Yvette Guilbert (; born Emma Laure Esther Guilbert, 20 January 1865 – 3 February 1944) was a French cabaret singer and actress of the Belle Époque.

Biography
Born in Paris into a poor family as Emma Laure Esther Guilbert, she began singing as a child but at age sixteen worked as a model at the Printemps department store in Paris. She was discovered by a journalist. She took acting and diction lessons, which enabled her in 1886 to appear on stage at several smaller venues. Guilbert debuted at the Varieté Theatre in 1888. She eventually sang at the popular Eldorado club, then at the Jardin de Paris before headlining in Montmartre at the Moulin Rouge in 1890. The English painter William Rothenstein described this performance in his first volume of memoirs:

One evening Lautrec came up to the rue Ravignan to tell us about a new singer, a friend of Xanrof, who was to appear at the Moulin Rouge for the first time... We went; a young girl appeared, of virginal aspect, slender, pale, without rouge. Her songs were not virginal – on the contrary; but the frequenters of the Moulin were not easily frightened; they stared bewildered at this novel association of innocence with Xanrof's horrific double entendre; stared, stayed and broke into delighted applause.

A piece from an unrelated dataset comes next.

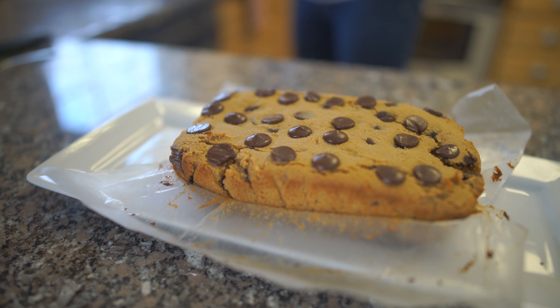Hi everyone, this is Christina Coughlin from Cooking with Christina, and today we are going to be cooking with collagen. We're going to be making one of my favorite go-to recipes, which is a gluten-free coconut banana protein bread. Let's get started.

For her act, she was usually dressed in bright yellow with long gloves and stood almost perfectly still, gesturing with her long arms as she sang. An innovator, she favored monologue-like "patter songs" (as they came to be called) and was often billed as a "diseuse" or "sayer". The lyrics (some of them her own) were raunchy; their subjects were tragedy, lost love, and the Parisian poverty from which she had come. During the 1890s she appeared regularly alongside another star of the time, Kam-Hill, often singing songs by Tarride. Taking her cue from the new cabaret performances, Guilbert broke and rewrote all the rules of music-hall with her audacious lyrics, and the audiences loved her. She was noted in France, England, and the United States at the beginning of the twentieth century for her songs and imitations of the common people of France. Author Patrick Bade believed that Guilbert "derived her trademark black gloves form Pornocrates" a famous painting by symbolist artist Félicien Rops.

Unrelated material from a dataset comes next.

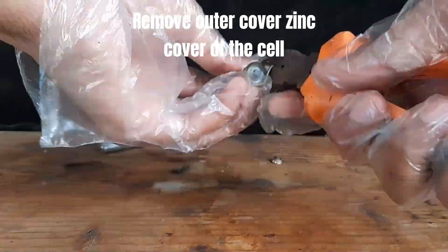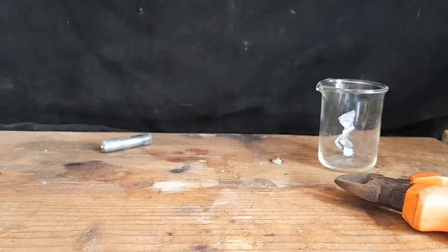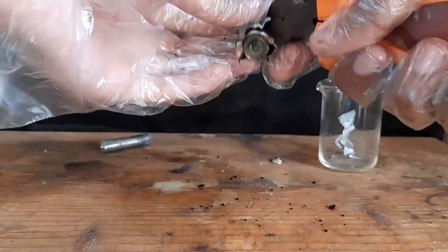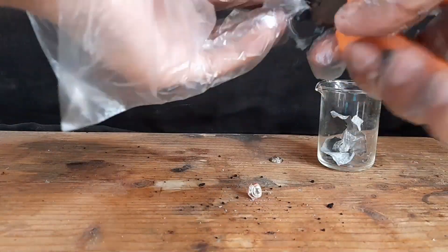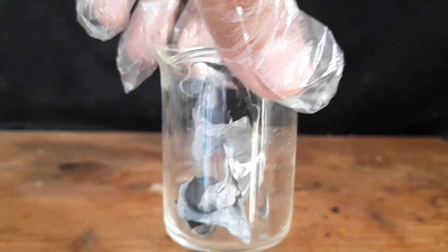Remove the outer case of the cell. I get about 3 grams of zinc metal from two cells.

She was a favorite subject of artist Henri de Toulouse-Lautrec, who made many portraits and caricatures of Guilbert and dedicated his second album of sketches to her. Sigmund Freud attended her performances, including one in Vienna, and called her a favorite singer. George Bernard Shaw wrote a review highlighting her novelty.
The reviews were not all positive. The playwright and songwriter Maurice Lefèvre said of her, 

In 1897 she married Max Schiller, an impresario. Guilbert made successful tours of England and Germany, and the United States in 1895–1896. She performed at Carnegie Hall in New York City. Even in her fifties, her name still had drawing power and she appeared in several silent films (including a star turn in F. W. Murnau's Faust). She also appeared in talkies, including a role with friend, Sacha Guitry. Her recordings for La Voix de son maître include the famous "Le Fiacre" as well as some of her own compositions such as "Madame Arthur". She accompanied herself on piano for some numbers.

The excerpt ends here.